UoN students now free to hire lawyer in disciplinary matters


UON

The Fountain of Knowledge at University of Nairobi. FILE PHOTO | NMG

Summary

  • A rule at the University of Nairobi that blocks students from being represented by a lawyer during a disciplinary process has been declared unconstitutional by the High Court.
  • Article 50(2)(g) of the Constitution says ‘every accused person has the right to a fair trial, which includes the right to choose, and be represented by, an advocate, and to be informed of this right promptly’.

A rule at the University of Nairobi that blocks students from being represented by a lawyer during a disciplinary process has been declared unconstitutional by the High Court.

The court said the rule, which is contained in the university’s regulations governing the organisation, conduct and discipline of students, infringes Article 50(2)(g) of the Constitution to the extent that it denies legal representation for students facing disciplinary processes.

Article 50(2)(g) of the Constitution says ‘every accused person has the right to a fair trial, which includes the right to choose, and be represented by, an advocate, and to be informed of this right promptly’.

In the precedent-setting judgement, Justice Anthony Mrima said the right to a fair trial is among the rights and fundamental freedoms which cannot be limited in anyway whatsoever. “It is therefore one of the rights forming the basic structure of the Constitution.
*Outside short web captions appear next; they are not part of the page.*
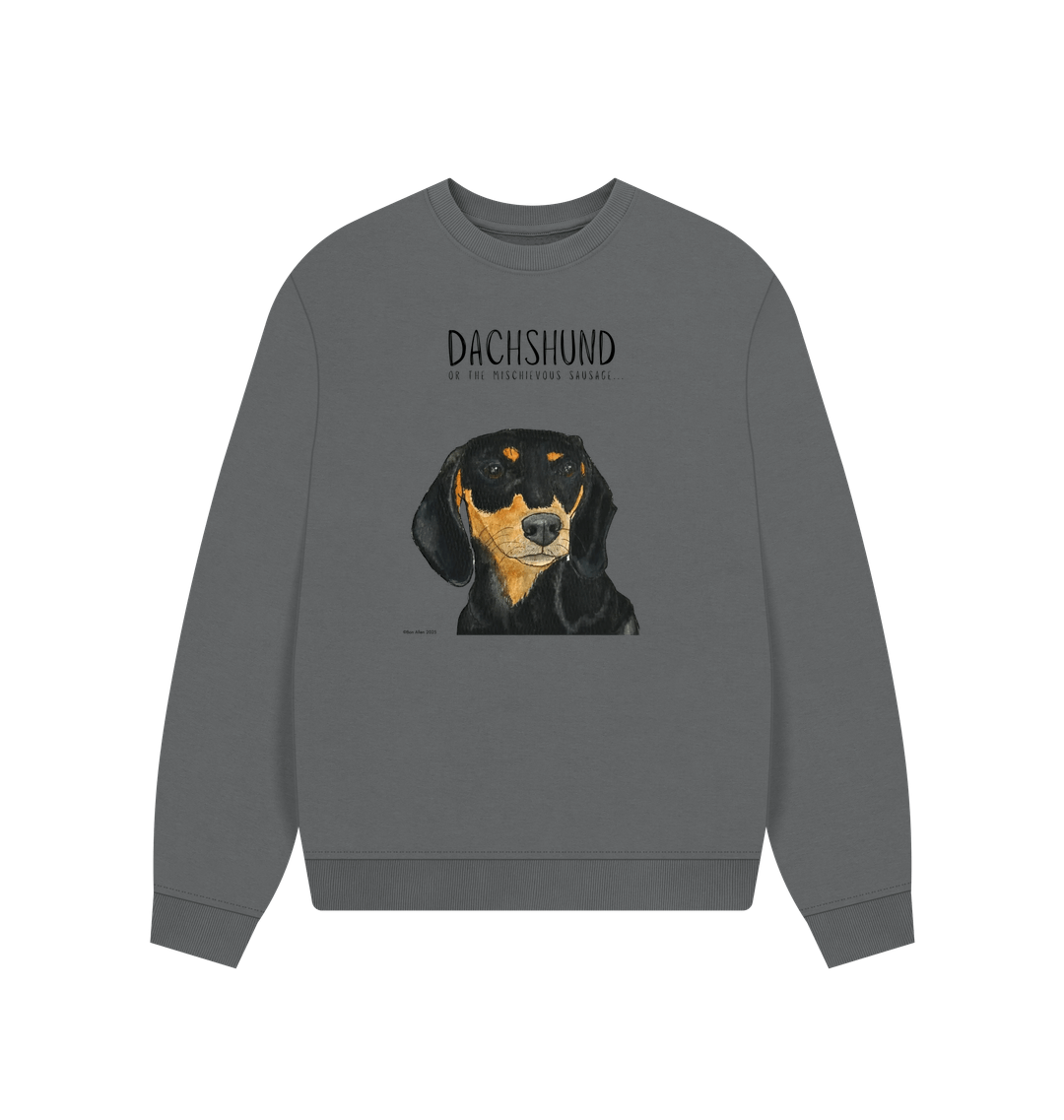 Comfy, Cozy, & Cute: The Black & Tan Dachshund Oversized Sweatshirt"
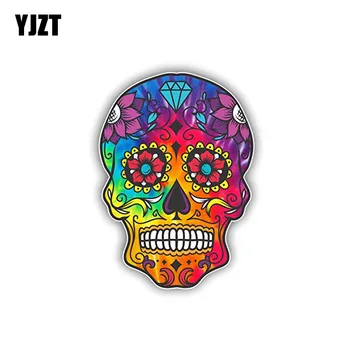 

YJZT 8.7CM*12.2CM Sugar Skull Accessories Funny Car Sticker Motorcycle Decal PVC 6-0140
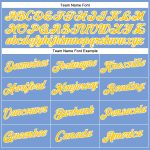 Light Blue Gold White V-Neck Cropped Jersey for Women - Custom Baseball Jersey Custom Women's Light Blue Gold-White V-Neck - Image 4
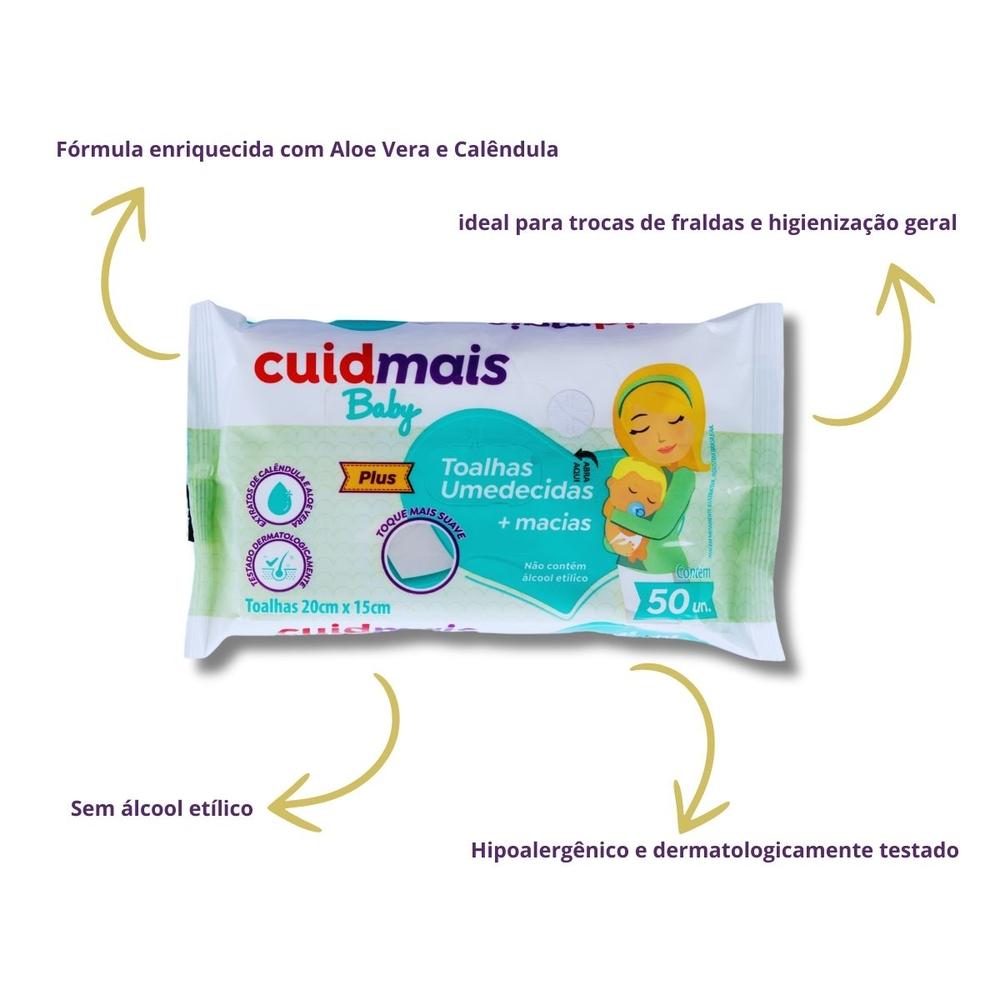 Lenço Umedecido Cuidmais Baby Plus Pack 250 Unidades - 4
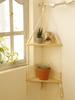 1/2/3-Layers Corner Shelf Wood Display Stand Boho Home Decoration Pastoral Style Macrame Handmade Floating Shelves Living Room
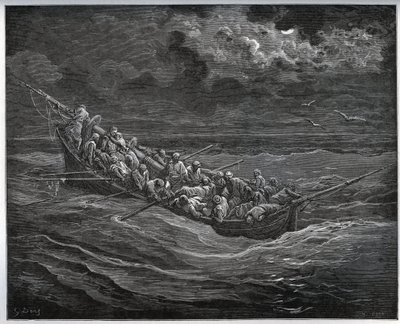Escape of Zoraide med fången i båten full av flykter från Alger till Spanien - från "Don Quixote de la Mancha"" av Miguel Cervantes (1547-1616) (Don Quijote) - Träsnitt efter teckning av Gustave Dore av Gustave Dore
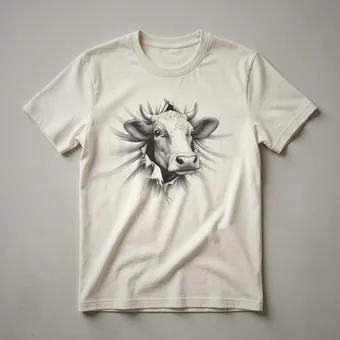 Cow Peeking Over Green Hill Graphic T-Shirt for Animal Lovers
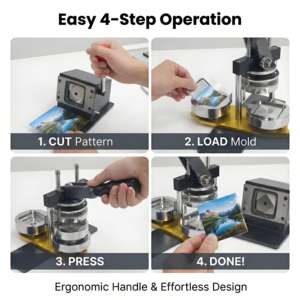 Macchina Automatica per Spille Quadrate da 50MM per Linea di Assemblaggio, Kit Fai-da-Te per Spille, Adesivi per Frigorifero e Materiali di Consumo per Spille Compatibili, Esportazione Internazionale - Product Image 4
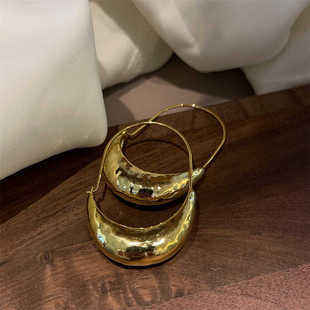 欧美小众夸张帆船不规则捶打纹肌理耳环素圈气质耳饰2024年新款 女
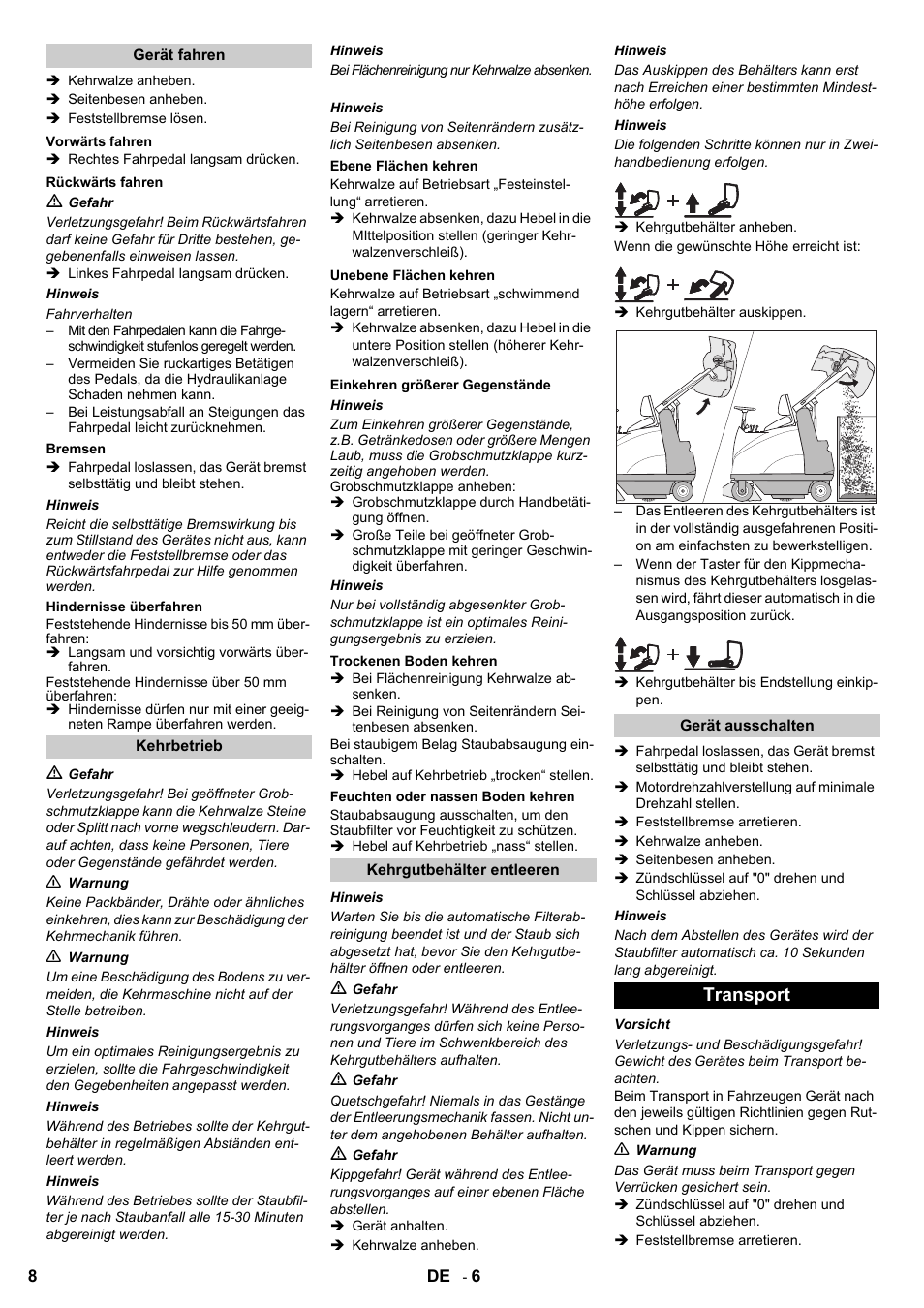 Transport | Karcher KMR 1250 D KAT User Manual | Page 8 / 124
It is, therefore, a right which cannot be waived or acquiesced. Article 50(1) is on the impartiality and independence of a court or a tribunal. The requirement, therefore, also has the element of how the courts or tribunals are constituted,” said Justice Mrima.

He was ruling on a case filed three years ago by a student, Martha Kerubo Moracha, who was expelled on allegations of being found with unauthorized materials in the examination room. She was pursuing undergraduate studies for a degree of Bachelor of Economics and Statistics.

She told court that by denying her legal representation during the disciplinary proceedings, the university infringed on her rights guaranteed under Article 50 of the Constitution.

She contended that a trial is a technical process and, therefore, one’s legal representation is crucial.